Industrial Relations, Transport Industry News

NatRoad calls on federal government to improve heavy vehicle access

NatRoad

Industry association NatRoad is calling on the federal government to remove roadblocks preventing heavy vehicles from accessing national highways as safely and efficiently as possible.

In a December meeting, Australia’s transport ministers decided to extend the deadline for bringing in changes to the Heavy Vehicle National Law (HVNL) until 2025. NatRoad believes this is still too far away.

It wants to see the introduction of an online automated national access system to give heavy vehicles as-of-right access on national highways, dropping the need for permits and approvals significantly.

NatRoad CEO Warren Clark says access targets laid out by the 2022 Kanofski Review of HVNL reform are a best-case scenario for changes.

“The Kanofski recommendations called for an automated access system within three years and a reduction in the number of permits by 50 per cent in the same period,” he says.

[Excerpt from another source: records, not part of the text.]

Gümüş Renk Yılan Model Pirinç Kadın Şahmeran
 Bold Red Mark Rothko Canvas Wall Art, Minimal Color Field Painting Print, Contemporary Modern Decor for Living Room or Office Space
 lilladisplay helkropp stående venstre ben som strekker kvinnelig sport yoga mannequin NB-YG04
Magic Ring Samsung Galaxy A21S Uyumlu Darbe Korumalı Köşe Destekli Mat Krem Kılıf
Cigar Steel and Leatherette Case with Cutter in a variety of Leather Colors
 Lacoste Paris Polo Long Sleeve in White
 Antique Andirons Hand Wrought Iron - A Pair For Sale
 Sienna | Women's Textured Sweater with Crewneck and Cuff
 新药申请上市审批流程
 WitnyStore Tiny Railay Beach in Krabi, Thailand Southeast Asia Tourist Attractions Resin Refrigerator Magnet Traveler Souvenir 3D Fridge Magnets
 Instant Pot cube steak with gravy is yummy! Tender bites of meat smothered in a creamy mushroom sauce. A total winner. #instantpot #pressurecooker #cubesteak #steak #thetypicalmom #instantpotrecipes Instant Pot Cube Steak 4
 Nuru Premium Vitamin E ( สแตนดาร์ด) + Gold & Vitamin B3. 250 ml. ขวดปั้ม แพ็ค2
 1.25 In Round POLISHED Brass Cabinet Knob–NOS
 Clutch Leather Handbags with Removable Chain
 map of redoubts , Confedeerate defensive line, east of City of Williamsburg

“While we welcome the work that is underway, it’s clear the current pace of reform means we will fail to meet those targets.

“Moving more freight with fewer vehicle movements makes for safer roads while at the same time reducing diesel use and carbon emissions.

“Automated access is a critical economic reform and must be treated as such.

“Governments should back this reform agenda with enough resourcing to make it happen according to the Kanofski timeline.”

Increasing road access was one of NatRoad’s primary asks of the federal government in its recent 2024-25 Budget submissions.

In addition to improving access to key national highways and extending funding for the NHVR’s Strategic Local Government Asset Assessment Project, it has also asked for reforms to increase the mass, height and length of general access vehicles.

“We are only two months into 2024 and NatRoad already has a collection of member cases where some road managers seem like they are just trying to find ways of saying ‘no’ to better access, ‘no’ to improved productivity and ‘no’ to lower emissions,” Clark says.

“There is a lot of talk about reducing emissions, but these words are empty unless they are backed by more productive road networks across state borders.

“Improving energy efficiency by running more productive heavy vehicles is one of the most cost-effective decarbonisation strategies which can be deployed today.”